Upon transcription the cis-repressing sequence forms a hairpin-secondary-structure masking the ribosome binding site (RBS) and therefore prevents translation of the following GFP-sequence. If the corresponding trans-activating RNA-sequence (taRNA) (RRKey-BBa_K1602049) is present the two sequences form a RNA-RNA-complex. This leads to a helix shift and the release of the RBS enabling the expression of GFP as the gene of interest (GOI).
Functional Parameters
In order to assemble the final riboregulator the parts RRGFP (BBa_K1602054) and araCpBAD-RRkey (BBa_K1602051) on two seperate plasmids (pSB1C3 and pSB1A2) were co-transformed into E.coli(Top10). Positive transformants were selected by using two antibiotics, Chloramphenicol and Ampicillin, and verified via colony-PCR.
As controls served a culture of TOP10 without plasmid, one transformed with araCpBad-GFP (BBa_K1602055) as positive control and one transformed only with the cis-repressed part of the riboregulator (RRGFP - BBa_K1602054) as negative control. All four cultures were grown in LB-medium with the respective antibiotics containing 20mM glucose at 37°C over night. Afterwards 10µl of each culture were inoculated in two seperate flasks of LB-medium (with the respective antibiotics), one containing 20mM Glucose, the other one 2mM arabinose. After 16 hours of incubation at 37°C 1 ml of each culture was pelleted by centrifugation and resuspended in PBS for subsequent FACS-measurements.

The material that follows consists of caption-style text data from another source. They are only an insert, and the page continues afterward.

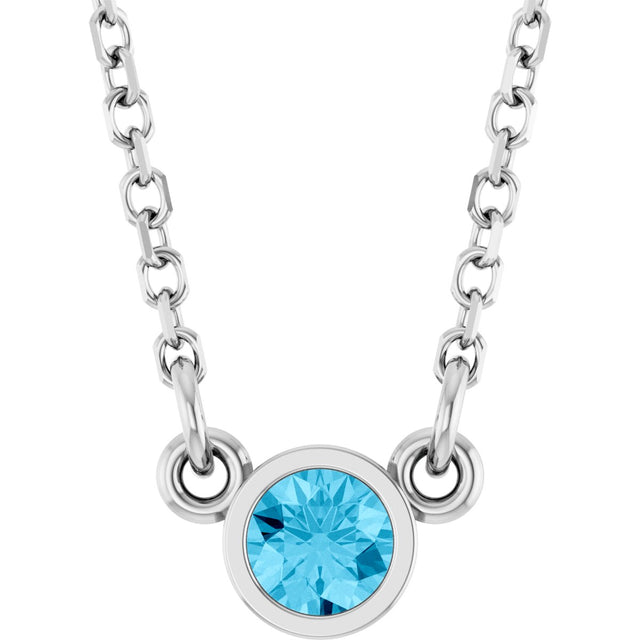 14K Gold Round Natural Aquamarine Bezel-Set Solitaire Birthstone Necklace - White Gold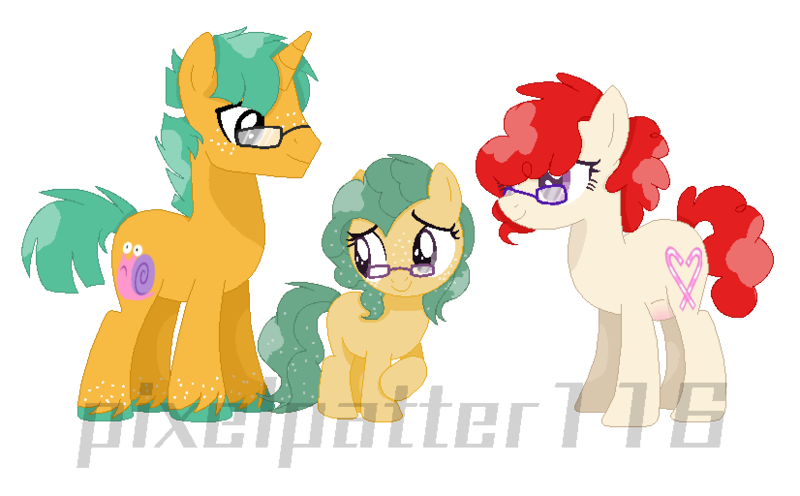 Size: 826x512 | Tagged: safe, artist:oixie-patters116, derpibooru import, snails, twist, pony, family, female, male, offspring, parent:snails, parent:twist, parents:snailstwist, shipping, snailstwist, straight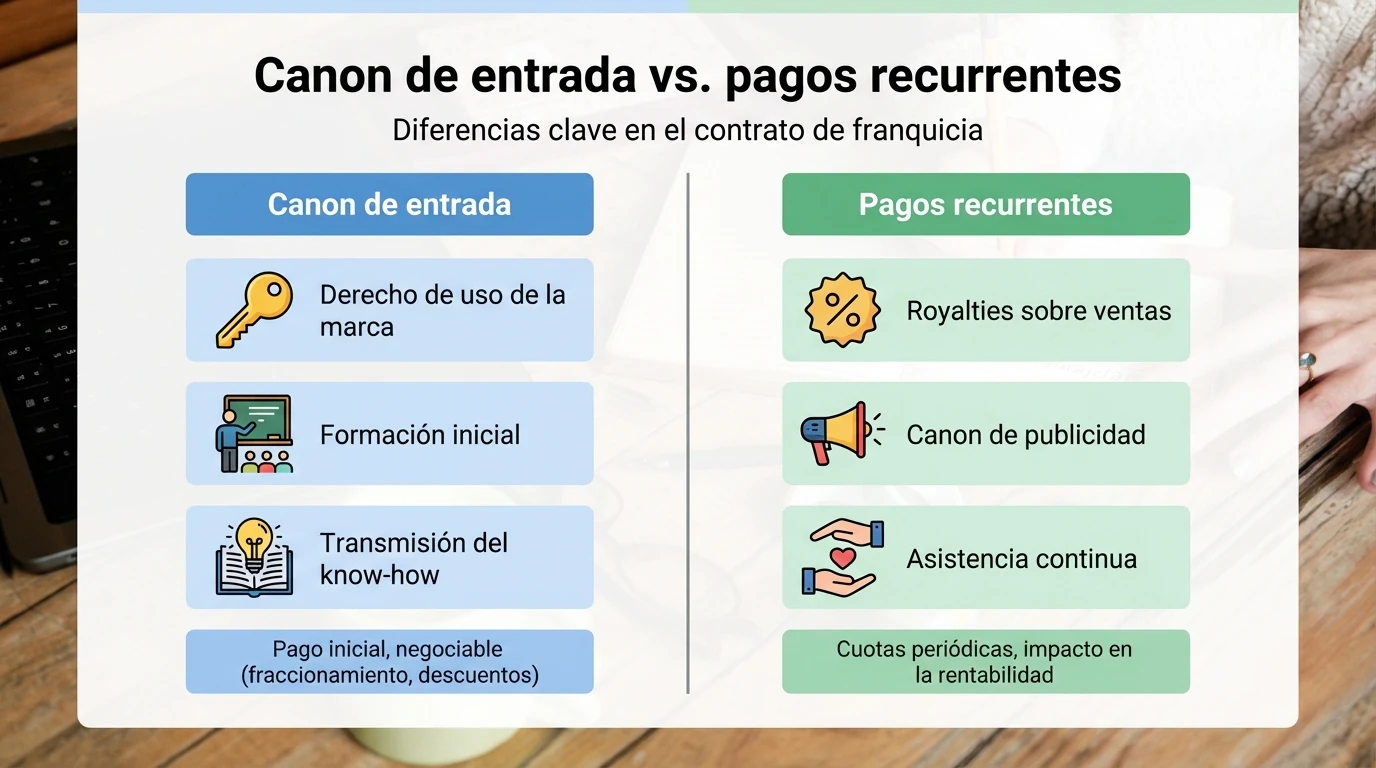 Infografía que compara el canon de entrada con los pagos recurrentes en un contrato de franquicia.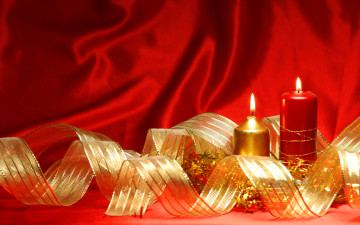 Картинка праздничные новогодние свечи мишура лента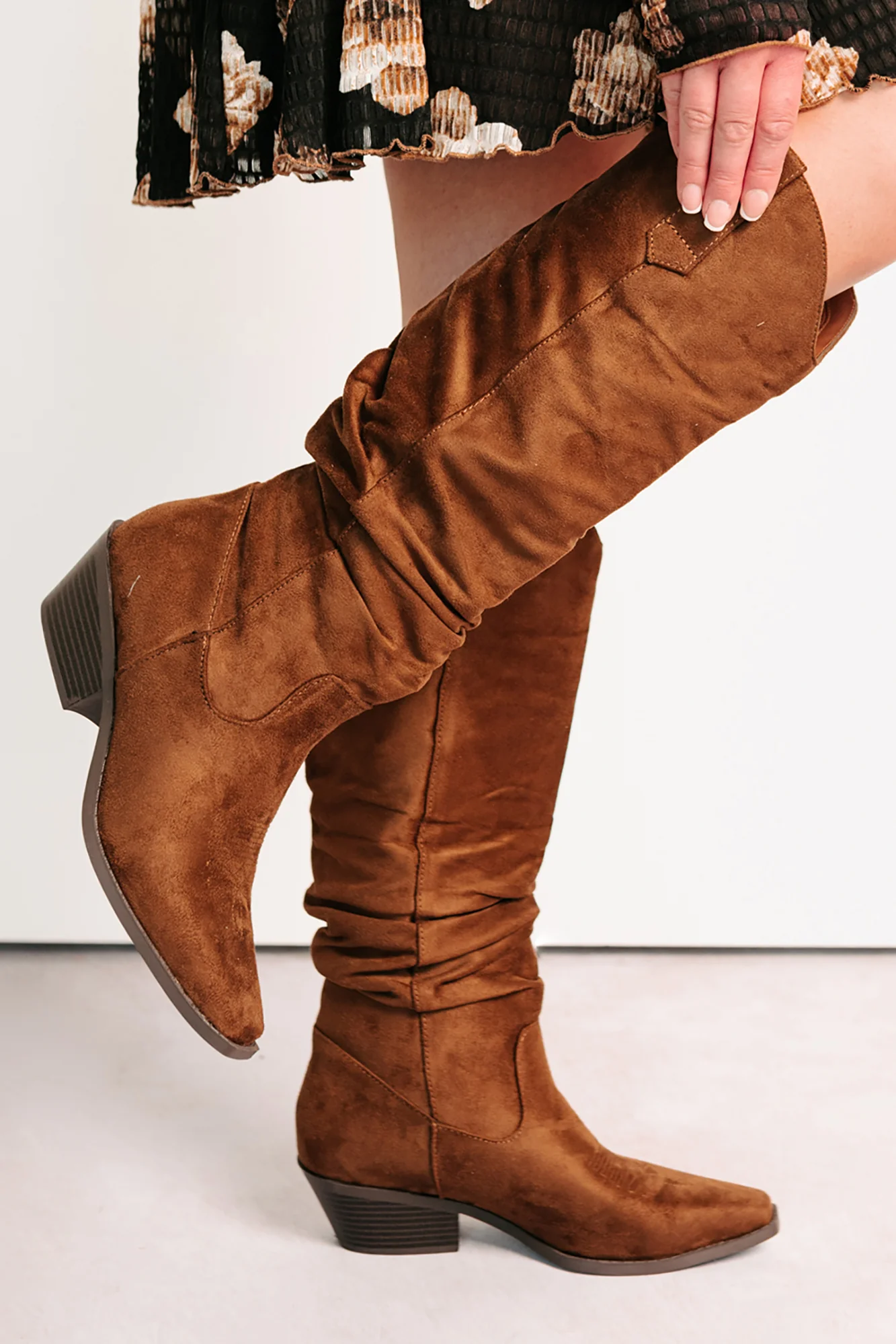 Stomp & Strut Faux Suede Slouch Boots (Chocolate) - Image 2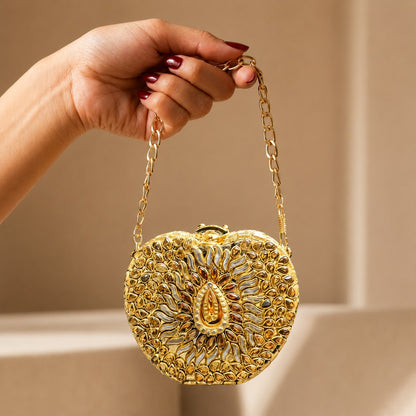 The Moonlit Dew – Bridal Evening Bag with Chain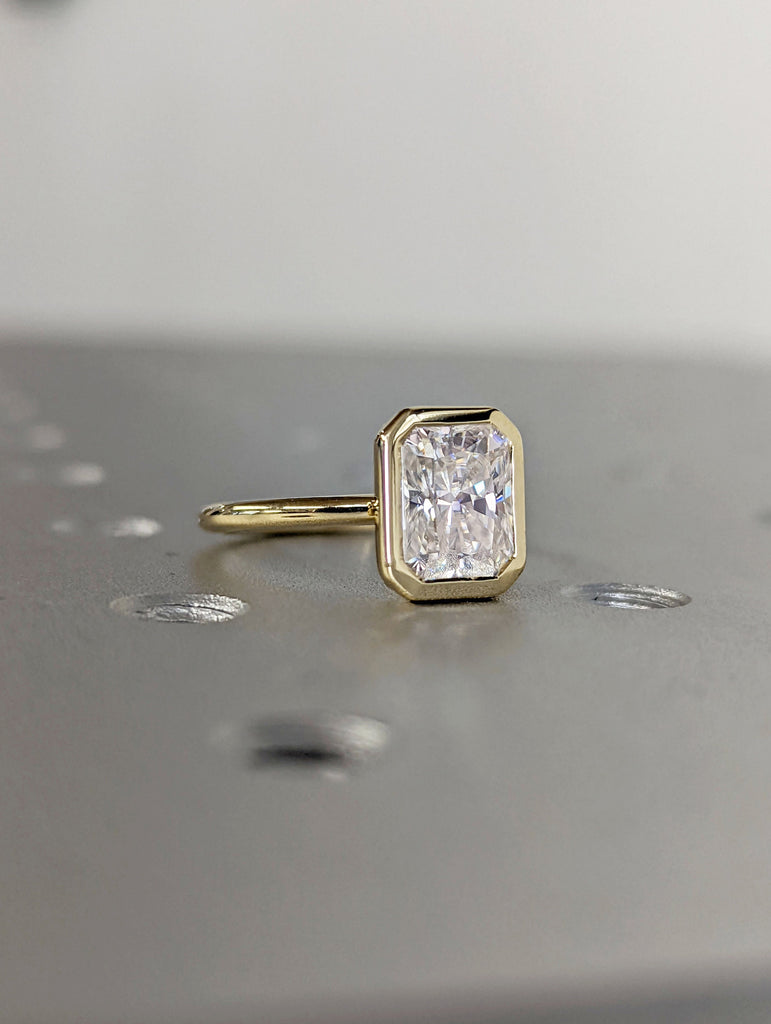 Bezel Radiant Cut Engagement Ring Yellow Gold ring Diamond Simulant ring Promise Ring Stacking ring Moissanite Solitaire Ring Gift for her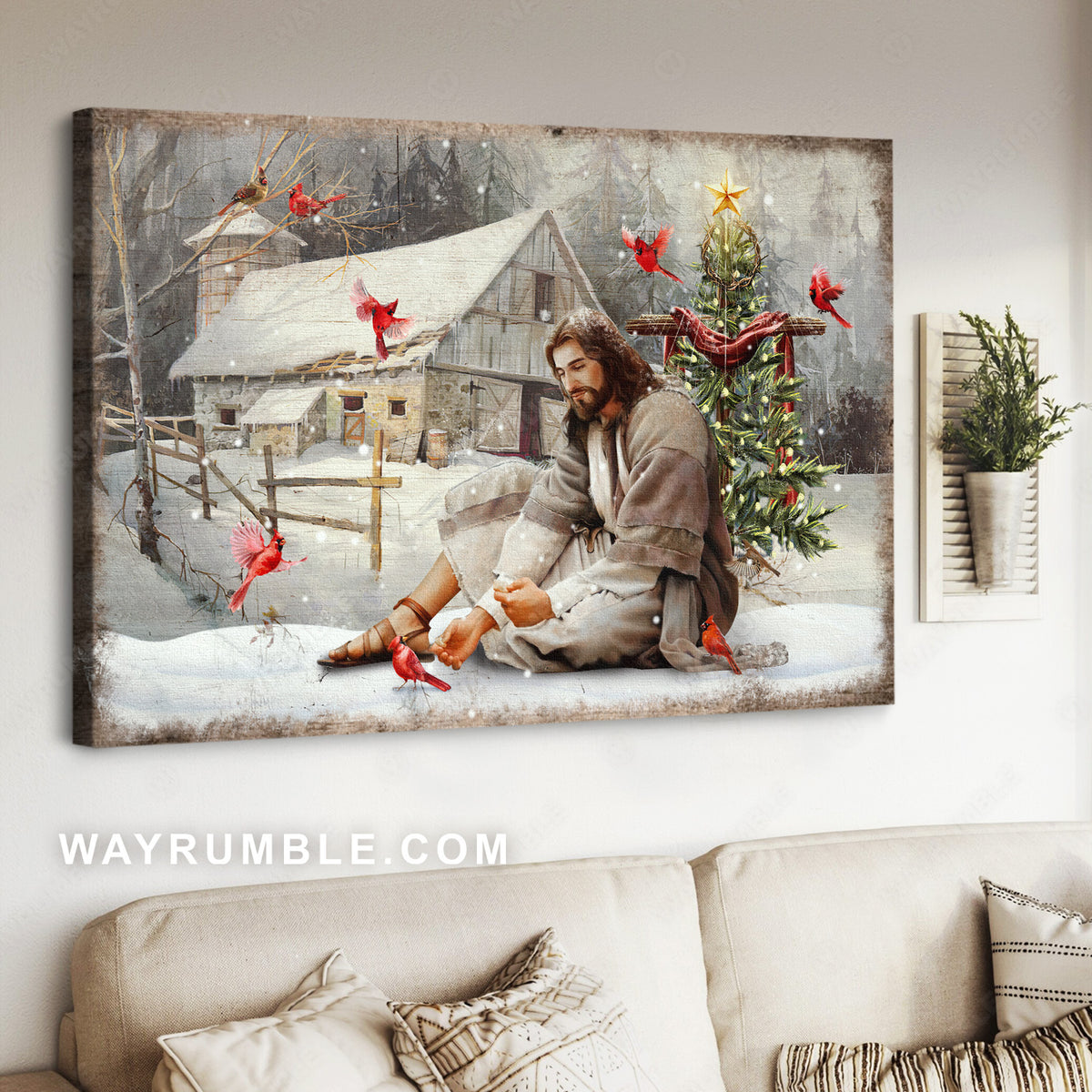 Happy Christ, Beautiful Christmas tree, Winter vibe, Merry Christmas - Jesus Landscape Canvas Prints, Home Decor Wall Art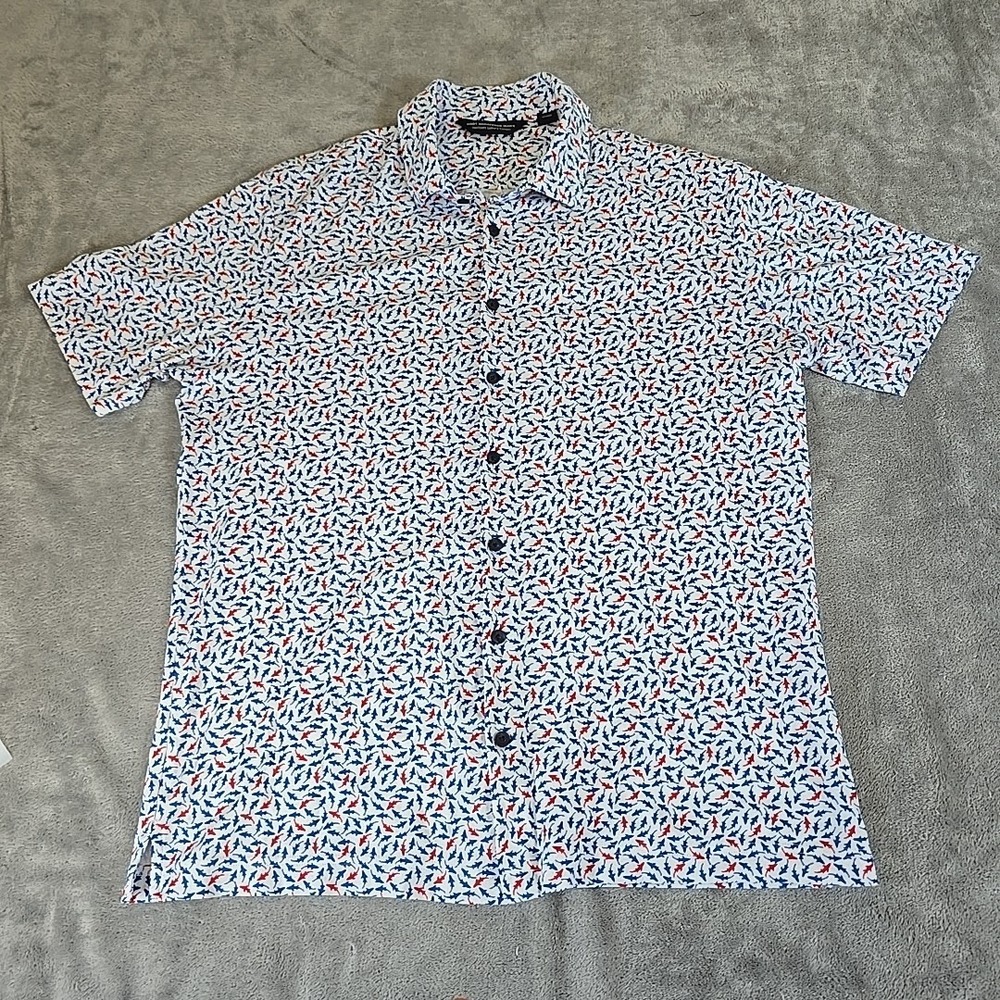 Hart Schaffner Marx Shirt Mens Large Blue/Red Shark Print Luxury Cotton Soft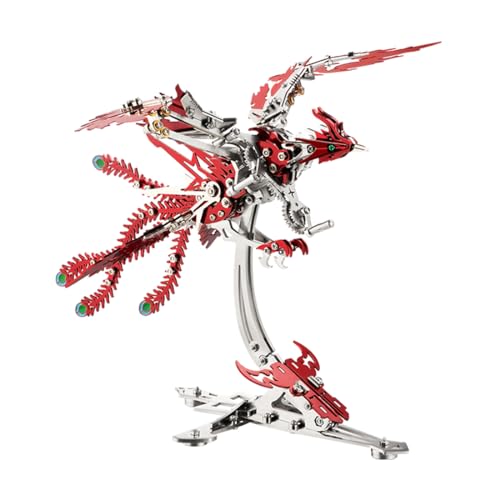 Mious 3D DIY Mechanical Phoenix Assembly Model Kit, Metall-Modell Ornamente für Erwachsene Jugendliche, Kreative Desktop-Puzzles Spielzeug Geschenk (358PCS/Rot) von Mious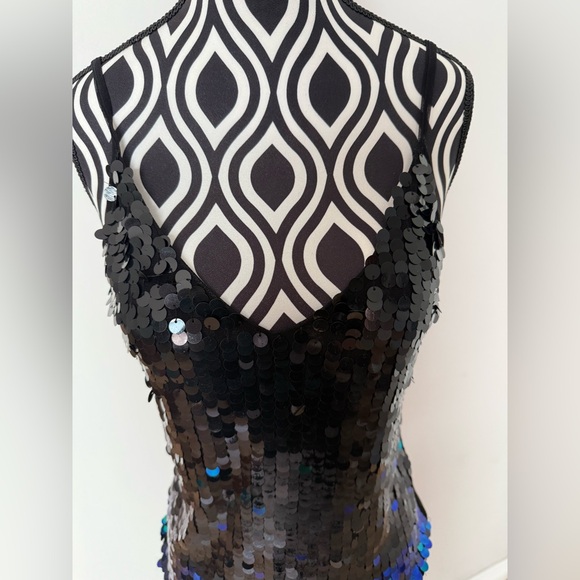 Vintage Y2K Disc Sequin Ombré Asymmetrical McBling Girlhood Core Top - Picture 8 of 17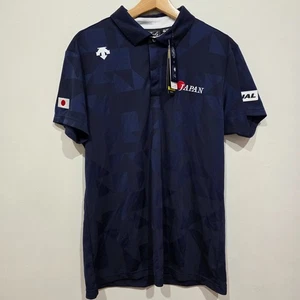 Japan Descente Golf Polo Shirt Mens Large Navy Blue JAL JGA Performance Logo NEW - Picture 1 of 6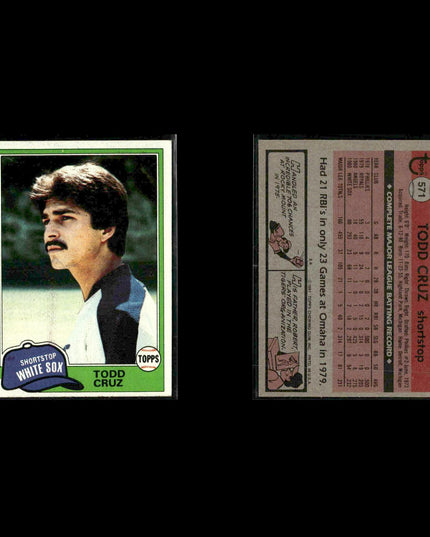 Chicago White Sox 1981 Topps Baseball 36-Card Lot Topps VG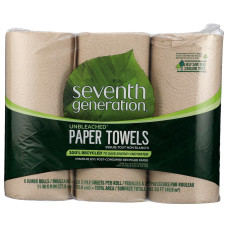 SEVENTH GENERATION: 100 Percent Recycled Paper Towels Unbleached 6Rolls 2Ply, 1 ea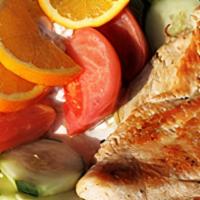 Low Cal Chicken Breast · Grilled Chicken breast.
Served with cottage cheese, hard boiled egg, cucumbers, tomatoes and...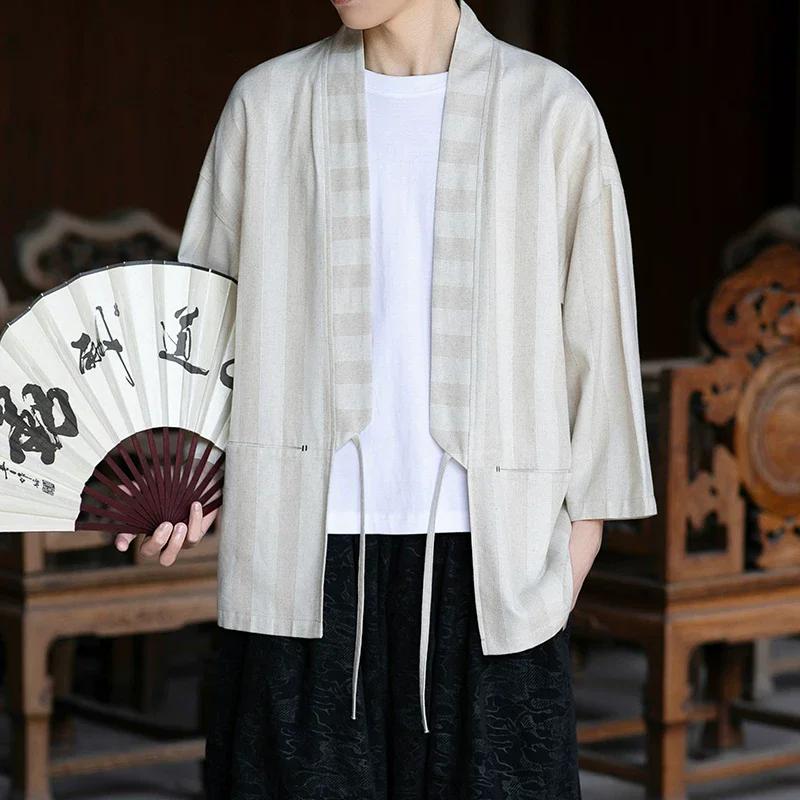 Novo Cardigã de Linho Masculino Estilo Chinês Masculino Manga 3/4 Solto Abertura Frontal Camisa Masculina Roupa Tradicional Verão Tops Hanfu
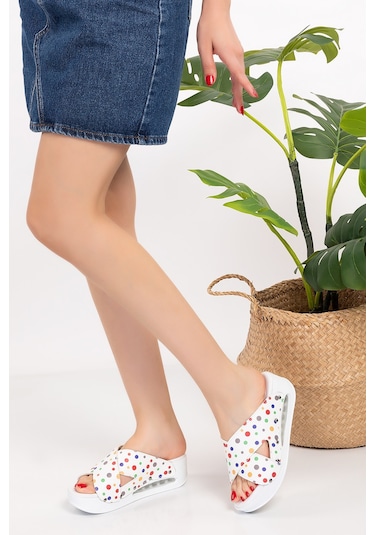 Renkli Puantiyeli Desenli Açık Çapraz Airmax Ortopedik Kadın Sabo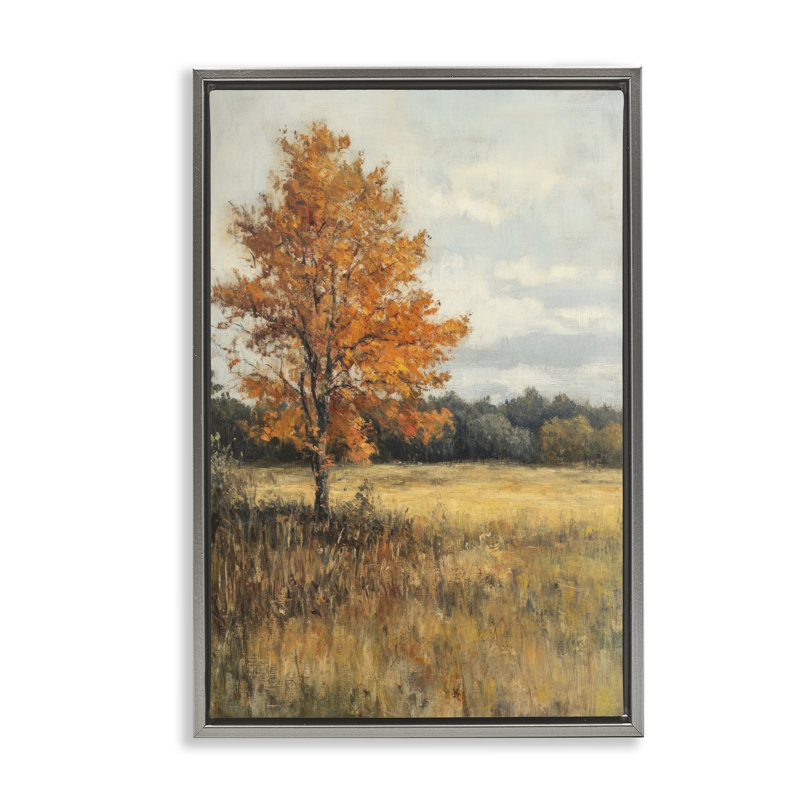 Cadre flottant paysage d'arbre orange, design par Petal Prints Design, H 31 po x l 21 po, Cadre flottant gris lustré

The positive control (Fig.3 B) showed a significant difference in the detected fluorescence-levels between the culture grown with glucose and the culture grown with arabinose indicating that the addition of 20mM glucose to the medium is sufficient to repress GFP-expression through the araC-regulated pBAD-promoter. Surprisingly we were not able to detect the same difference in the cultures containing the assembled riboregulator (Fig.3 D). The measured fluorescence for the induced culture grown with arabinose was the same as for the culture grown with glucose. Furthermore was the detected GFP-Signal very simmilar to the results of the negativ controls (Fig.3 A+C) what leads to the conclusion that no GFP was expressed in the culture containing the riboregulator at all.
We have to assume that the interaction between the two parts of the riboregulator does not happen as anticipated, leaving the riboregulator-system constantly "locked" and preventing GFP expression, even after induction.
One possible reason for the malfunction of the riboregulator could be the fact that both parts were located on seperate plasmids which were co-transformed into the cells. It is possible that this results in an unfavorable situation for the bacteria to produce enough of both parts necessary for the riboregulator to work.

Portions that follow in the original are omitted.